§ **Task details**
Only the lines from the line containing "OAKYWOOD Support pour" to the end of the records, both included, belong in the answer, copied exactly.

Caption-style text data:
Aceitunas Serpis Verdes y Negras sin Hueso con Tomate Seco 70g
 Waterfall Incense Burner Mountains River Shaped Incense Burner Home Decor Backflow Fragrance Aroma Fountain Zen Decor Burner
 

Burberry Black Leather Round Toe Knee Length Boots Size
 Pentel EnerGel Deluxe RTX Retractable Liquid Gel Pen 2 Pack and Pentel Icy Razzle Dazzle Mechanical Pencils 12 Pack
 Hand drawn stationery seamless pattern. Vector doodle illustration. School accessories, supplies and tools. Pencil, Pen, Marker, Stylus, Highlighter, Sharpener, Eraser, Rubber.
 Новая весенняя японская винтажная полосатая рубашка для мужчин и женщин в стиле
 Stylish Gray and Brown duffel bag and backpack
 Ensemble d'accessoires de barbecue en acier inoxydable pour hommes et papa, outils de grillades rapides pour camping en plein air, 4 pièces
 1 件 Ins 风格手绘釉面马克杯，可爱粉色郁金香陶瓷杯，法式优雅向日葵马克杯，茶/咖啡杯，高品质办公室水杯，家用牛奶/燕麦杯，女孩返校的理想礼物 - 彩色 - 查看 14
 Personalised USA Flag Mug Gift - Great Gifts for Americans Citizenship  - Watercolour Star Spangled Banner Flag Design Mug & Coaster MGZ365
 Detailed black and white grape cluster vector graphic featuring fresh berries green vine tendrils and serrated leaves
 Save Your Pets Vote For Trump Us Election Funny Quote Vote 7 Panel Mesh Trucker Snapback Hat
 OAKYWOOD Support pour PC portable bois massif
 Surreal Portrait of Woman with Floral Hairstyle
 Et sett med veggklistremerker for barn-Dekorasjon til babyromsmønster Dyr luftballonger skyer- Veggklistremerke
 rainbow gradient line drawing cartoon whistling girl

§ **Response box**
 OAKYWOOD Support pour PC portable bois massif
 Surreal Portrait of Woman with Floral Hairstyle
 Et sett med veggklistremerker for barn-Dekorasjon til babyromsmønster Dyr luftballonger skyer- Veggklistremerke
 rainbow gradient line drawing cartoon whistling girl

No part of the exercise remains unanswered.